Once a timely filing has been made, the automatic cap-gap extension will begin and will continue until the H-1B petition adjudication process has been completed.  If the student’s H-1B petition is selected under the H-1B cap lottery and approved, the student’s F-1 OPT will be considered extended and will continue through September 30th unless the petition is denied, withdrawn, or revoked.  If the student’s H-1B petition is not selected under the H-1B lottery or not approved, the student will have the standard 60-day grace period from the date of the rejection notice or their program or OPT end date, whichever is later, to prepare for and depart the United States.

Students are strongly encouraged to stay in close communication with their petitioning employer during the cap-gap extension period for status updates on the H-1B petition processing.

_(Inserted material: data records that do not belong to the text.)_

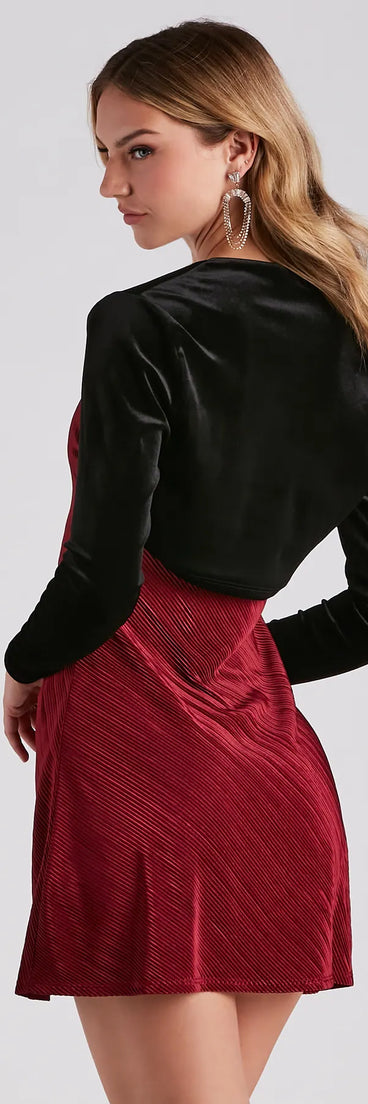 The Velvety Luxe Long Sleeve Bolero in black brings sleek style to any graduation outfit, from cap and gown to after-party.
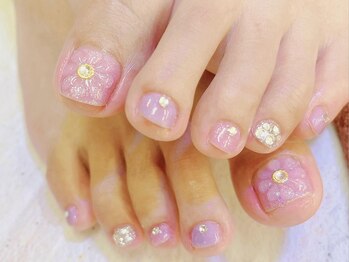 ネイルサロン ジェイ(Nail Salon J)の写真/《露出が増える季節に向けてフットネイル☆》豊富なカラーとパーツで足元を華やかに彩ります♪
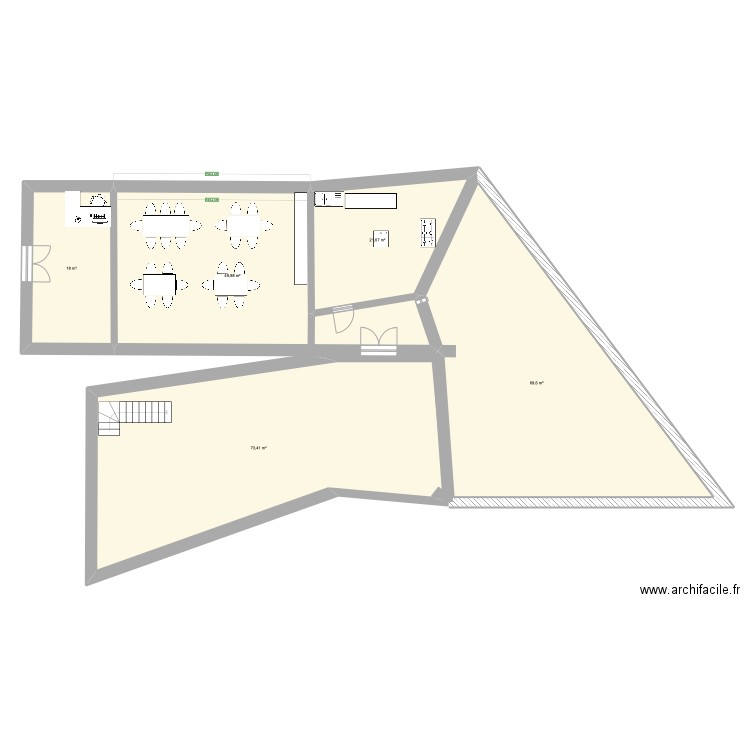 RDC. Plan de 5 pièces et 233 m2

Is Proof of Cap-Gap Status Necessary?

A student will need to obtain an updated Form I-20 from his or her designated school official (DSO). The Form I-20 is the only document a student will have to show proof of continuing status and OPT, if applicable. The student should go to their DSO with evidence of a timely filed H-1B petition (indicating a request for change of status rather than for consular processing), such as a copy of the petition and a FedEx, UPS, or USPS Express/certified mail receipt.  The student’s DSO will issue an interim cap-gap I-20 showing an extension until October 1st.  Students whose approved period of OPT already extends beyond October 1st do not need an interim extension.

In some cases, a student’s SEVIS record will not be automatically updated with the cap-gap extension, in error. In this situation, the student’s DSO may need to add an interim cap-gap extension to the student’s SEVIS record or contact the SEVIS Help Desk to have the full cap-gap extension applied to the record.

Are Expired or Expiring OPT EAD Holders Eligible for Cap-Gap?

For a student to have employment authorization during the cap-gap extension, he or she must be in an approved period of post-completion OPT on the eligibility date which is generally the date of filing of the H-1B petition.

Can Students Travel While Under Cap-Gap Extension?

The regulations at 8 CFR 214.2(f)(13) state that a student who has an unexpired Employment Authorization Document (EAD) issued for post-completion OPT and who is otherwise admissible may return to the United States to resume employment after a temporary absence.  However, by definition, the EAD of an F-1 student covered under a cap-gap extension is necessarily expired.  Consequently, if a student granted a cap-gap extension elects to travel outside the United States during the cap-gap extension period, he or she will not be able to return in F-1 status.  The student will need to apply for an H-1B visa at a consular post abroad prior to returning.  As the H-1B petition is presumably for an October 1 or later start date, the student should be prepared to adjust his or her travel plans accordingly.

Conclusion

The OPT cap-gap provisions for F-1 international students can be complex and may apply in different ways in different situations.    Additionally, the cap-gap rule only applies if there is a timely-filed H-1B petition under the H-1B cap.    While we do not yet know how quickly this year’s H-1B cap would be reached, indications of the heavy interest early this year and last year’s historical data suggest for a very short (5-day) H-1B cap filing window.    In fact, we urge our clients and readers to assume that the H-1B cap season will last only five days and to aim for April 1, 2015 H-1B petition filing.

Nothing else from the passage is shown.